A 5-year-old boy is brought to the emergency department with worsening right eye pain and blurred vision that began earlier today and did not improve with ibuprofen or warm compresses. He has a history of recurrent sinus infections, eczema, otitis media, and multiple dental caries. Two weeks ago, he sustained a scratch to his right upper eyelid while playing outside, for which his parents applied Neosporin, and it seemed to heal normally. Vitals show a temperature of 39.4 C (102.9 F), BP 100/70 mm Hg, pulse 120/min, and respirations 20/min. The patient appears uncomfortable. Visual acuity is 20/70 in the right eye and 20/10 in the left. Examination of the right eye reveals conjunctival injection, proptosis, periorbital edema and erythema, and a small, well-healed eyelid abrasion without drainage. Extraocular movements are painful with limited adduction of the right eye. Funduscopic examination is normal bilaterally. There is tenderness to palpation over the right cheek. Oral examination reveals a large malodorous dental caries involving the left lower second molar.
Which of the following predisposing factors is most likely responsible for this patient’s condition?
A. Eczema
B. Bacterial sinusitis
C. Dental abscess
D. Recent eyelid abrasion
E. Otitis media

The Correct answer is B.
This child has orbital cellulitis as indicated by: fever, proptosis, ophthalmoplegia, pain with extra ocular movements, and decreased visual acuity. The most common predisposing factor for orbital cellulitis in children is bacterial sinusitis, particularly involving the ethmoid sinus due to its thin medial orbital wall, which allows contiguous spread of infection into the orbit. The patient’s cheek tenderness further supports sinus involvement. Orbital cellulitis requires prompt imaging and intravenous antibiotics due to the risk of abscess formation and intracranial spread.
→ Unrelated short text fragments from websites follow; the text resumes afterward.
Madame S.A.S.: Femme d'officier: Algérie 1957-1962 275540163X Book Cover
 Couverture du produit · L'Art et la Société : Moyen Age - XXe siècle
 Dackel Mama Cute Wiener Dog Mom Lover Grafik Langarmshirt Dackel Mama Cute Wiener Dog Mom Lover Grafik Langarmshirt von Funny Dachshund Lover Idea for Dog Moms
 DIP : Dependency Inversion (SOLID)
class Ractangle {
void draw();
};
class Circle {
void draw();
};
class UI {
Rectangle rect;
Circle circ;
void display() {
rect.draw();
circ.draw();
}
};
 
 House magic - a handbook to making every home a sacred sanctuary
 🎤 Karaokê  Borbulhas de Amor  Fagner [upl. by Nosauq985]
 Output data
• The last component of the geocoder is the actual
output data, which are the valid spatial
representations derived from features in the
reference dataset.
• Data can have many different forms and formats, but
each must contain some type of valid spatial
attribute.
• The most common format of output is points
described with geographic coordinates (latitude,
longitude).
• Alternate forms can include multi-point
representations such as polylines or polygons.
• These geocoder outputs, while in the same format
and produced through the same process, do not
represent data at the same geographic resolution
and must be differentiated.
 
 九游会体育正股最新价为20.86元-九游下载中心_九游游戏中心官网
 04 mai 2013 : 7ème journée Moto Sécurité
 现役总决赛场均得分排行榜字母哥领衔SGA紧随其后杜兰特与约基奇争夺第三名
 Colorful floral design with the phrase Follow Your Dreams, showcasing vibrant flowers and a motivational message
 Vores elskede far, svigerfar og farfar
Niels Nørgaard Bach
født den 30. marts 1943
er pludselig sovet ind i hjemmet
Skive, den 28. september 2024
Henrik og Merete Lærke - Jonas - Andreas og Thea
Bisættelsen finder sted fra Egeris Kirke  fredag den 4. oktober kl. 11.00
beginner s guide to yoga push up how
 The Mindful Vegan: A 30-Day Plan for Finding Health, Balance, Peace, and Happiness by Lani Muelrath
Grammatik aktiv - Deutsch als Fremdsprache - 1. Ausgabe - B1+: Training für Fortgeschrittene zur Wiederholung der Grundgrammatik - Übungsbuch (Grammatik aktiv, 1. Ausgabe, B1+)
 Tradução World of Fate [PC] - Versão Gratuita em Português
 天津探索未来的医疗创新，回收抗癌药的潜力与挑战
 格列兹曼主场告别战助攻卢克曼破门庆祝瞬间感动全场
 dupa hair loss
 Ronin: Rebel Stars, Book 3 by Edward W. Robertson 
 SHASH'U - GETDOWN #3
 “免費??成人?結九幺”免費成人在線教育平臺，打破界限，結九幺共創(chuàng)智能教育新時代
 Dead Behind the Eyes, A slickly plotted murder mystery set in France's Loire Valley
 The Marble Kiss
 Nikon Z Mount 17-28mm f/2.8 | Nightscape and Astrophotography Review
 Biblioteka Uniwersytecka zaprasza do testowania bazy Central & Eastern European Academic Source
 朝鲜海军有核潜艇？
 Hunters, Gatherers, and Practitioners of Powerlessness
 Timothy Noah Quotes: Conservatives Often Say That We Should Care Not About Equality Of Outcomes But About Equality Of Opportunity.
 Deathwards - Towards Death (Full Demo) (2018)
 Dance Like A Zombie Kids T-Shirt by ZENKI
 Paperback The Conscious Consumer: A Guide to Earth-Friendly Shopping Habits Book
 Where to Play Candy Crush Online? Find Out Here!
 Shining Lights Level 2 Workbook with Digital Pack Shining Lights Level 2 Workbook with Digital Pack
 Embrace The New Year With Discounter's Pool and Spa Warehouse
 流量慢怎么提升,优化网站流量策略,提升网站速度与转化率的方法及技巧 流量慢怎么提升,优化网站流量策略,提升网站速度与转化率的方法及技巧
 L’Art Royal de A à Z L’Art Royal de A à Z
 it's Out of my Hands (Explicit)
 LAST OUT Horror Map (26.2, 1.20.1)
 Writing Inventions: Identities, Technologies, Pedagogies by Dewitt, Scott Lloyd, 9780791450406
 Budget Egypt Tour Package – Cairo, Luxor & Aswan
Choice A: Eczema may increase risk for superficial skin infections but is more commonly associated with preseptal cellulitis rather than orbital cellulitis.
Choice C: Dental infections can rarely spread into the orbit and particularly arise from maxillary teeth. However, this patient’s dental caries involves a mandibular molar on the contralateral side, making this less likely.
Choice D: Secondary bacterial infection from an eyelid abrasion can predispose to orbital or preseptal cellulitis through direct inoculation of bacteria into periocular tissues. However, this patient’s abrasion occurred two weeks earlier and reportedly healed without signs of infection, making it less likely than sinusitis in this scenario.
Choice E: Severe or untreated otitis media can progress to an invasive bacterial infection such as mastoiditis or meningitis. The orbits are not contiguous with the middle ear, making orbital cellulitis an unlikely sequela.